Starting at the line that contains "2018 - kia carnival", quote every line through the end of the entries, word for word, skipping the pictures.

Web page caption snippets:
○ ○ ○ ○
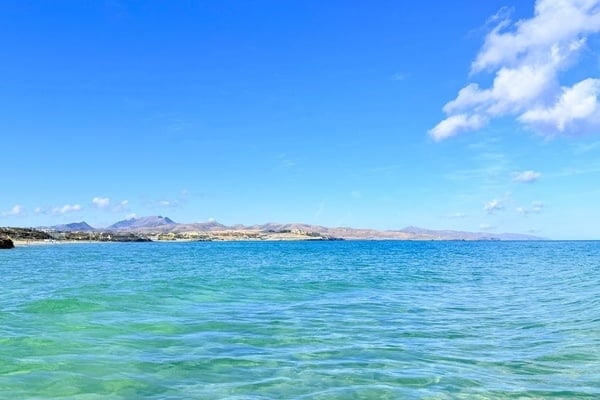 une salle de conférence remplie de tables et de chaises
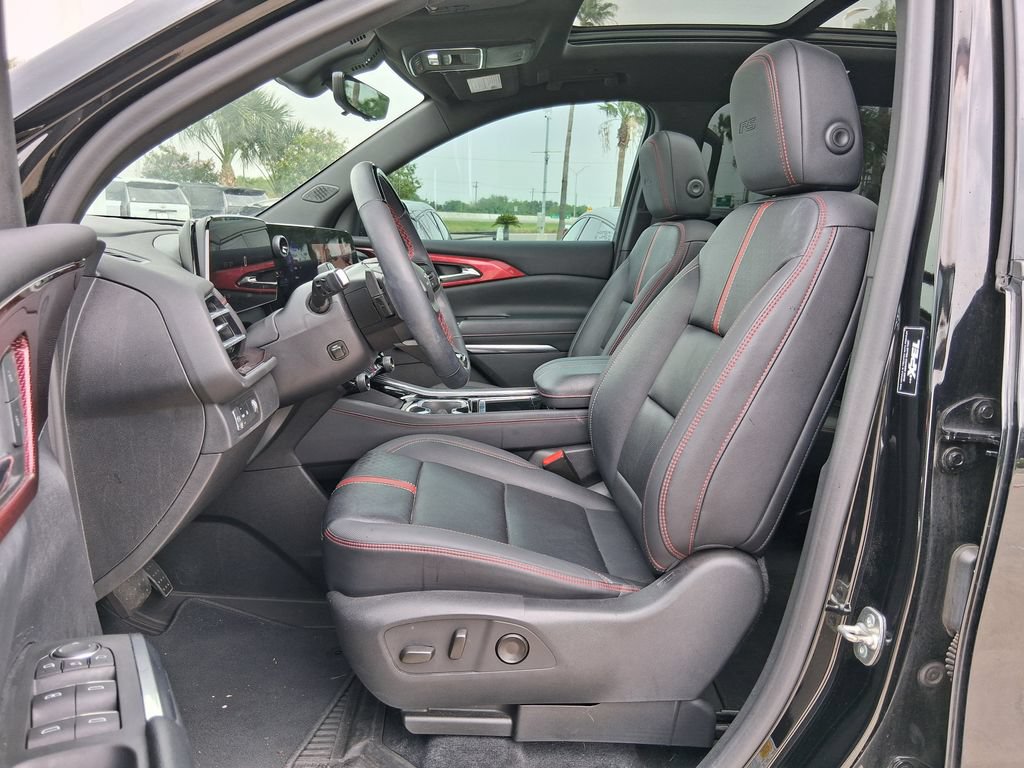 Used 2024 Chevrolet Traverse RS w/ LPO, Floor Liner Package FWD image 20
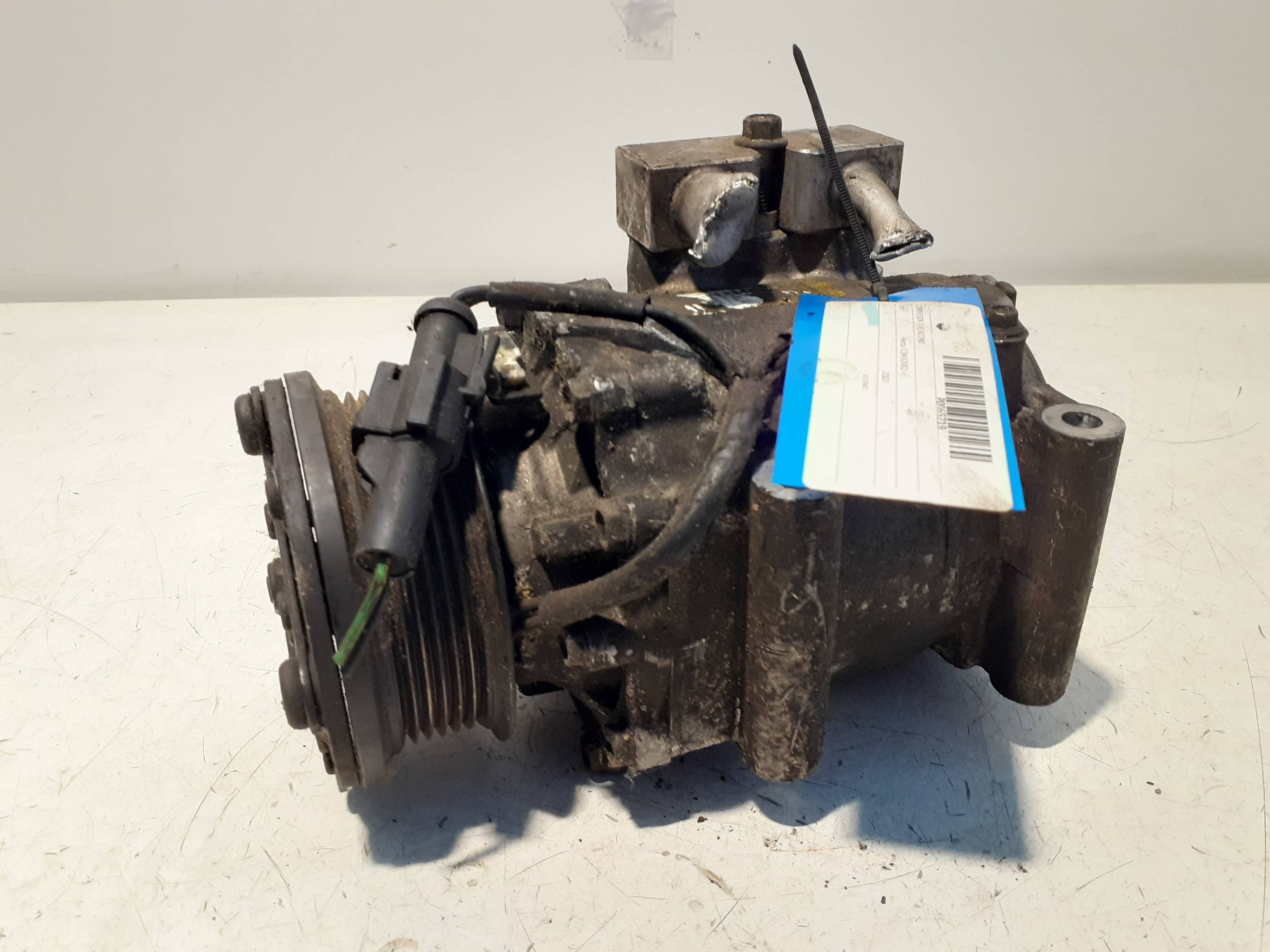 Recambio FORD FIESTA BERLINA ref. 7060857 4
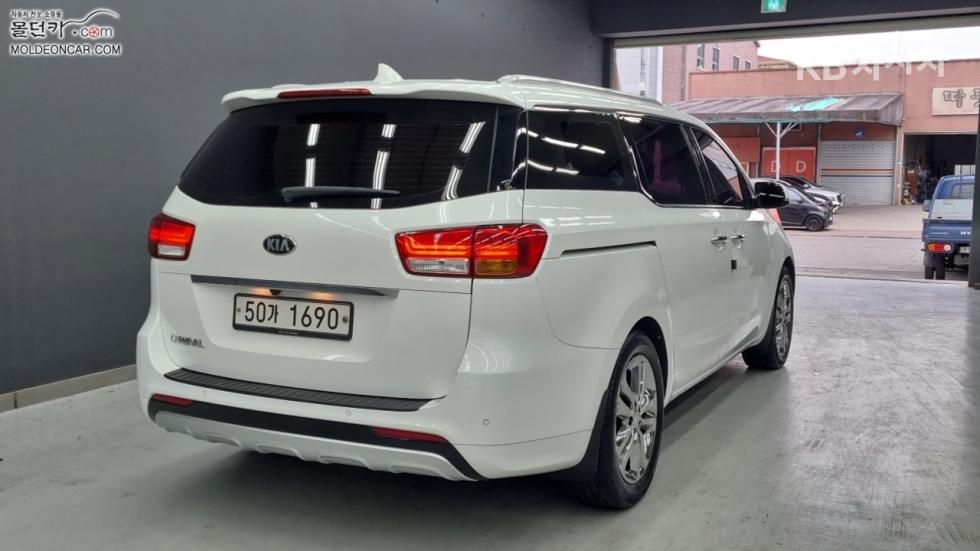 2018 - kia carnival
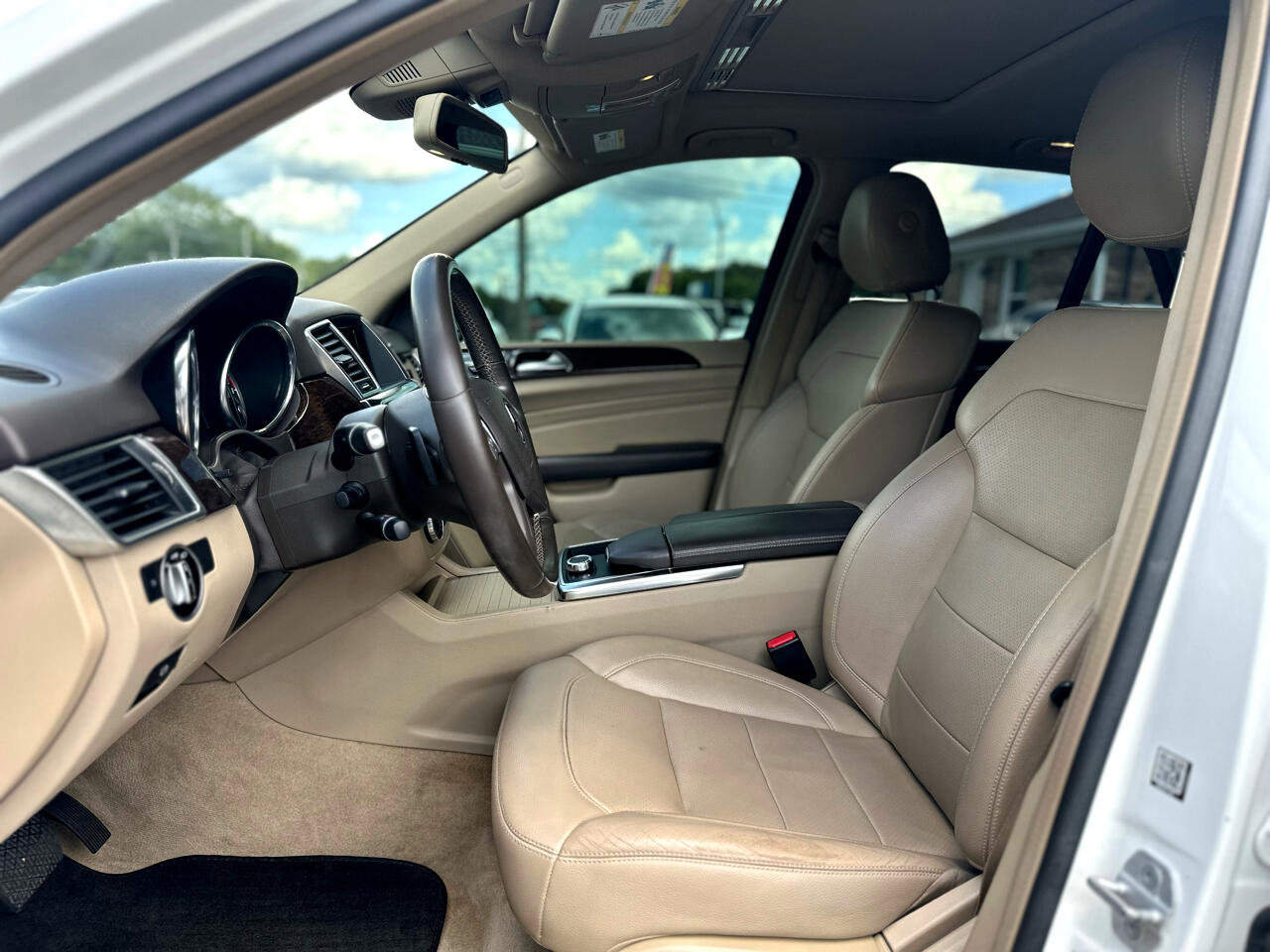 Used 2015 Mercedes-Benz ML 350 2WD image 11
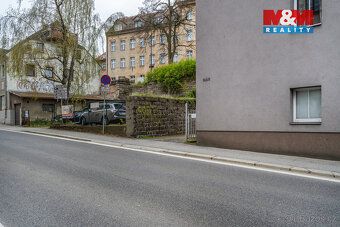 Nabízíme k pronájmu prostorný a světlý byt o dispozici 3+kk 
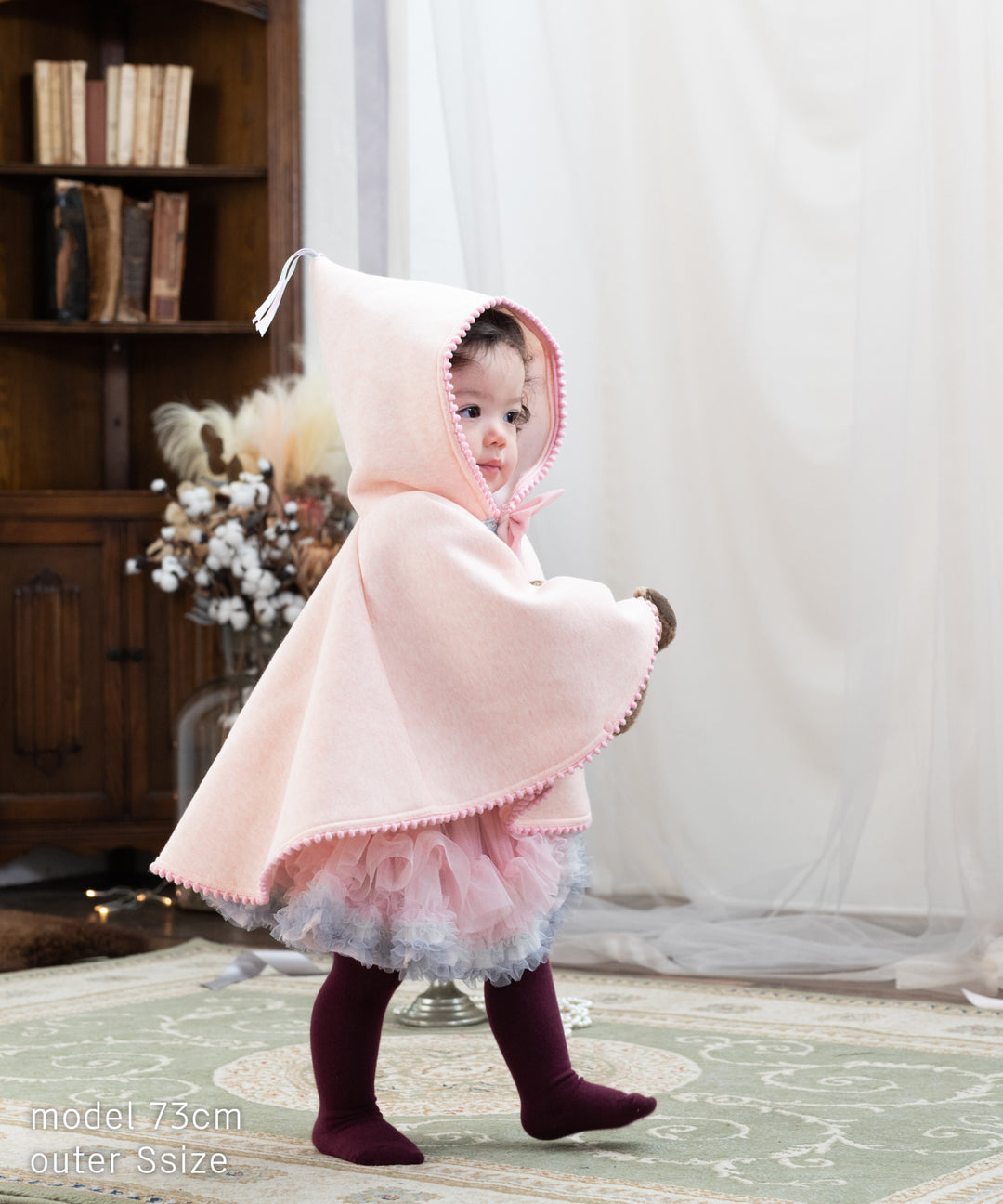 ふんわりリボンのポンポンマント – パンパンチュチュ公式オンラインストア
○ ○ ○ ○
- _Solved exercise_
 2018 - kia carnival
 Used 2015 Mercedes-Benz ML 350 2WD image 11
 Nabízíme k pronájmu prostorný a světlý byt o dispozici 3+kk 
 ふんわりリボンのポンポンマント – パンパンチュチュ公式オンラインストア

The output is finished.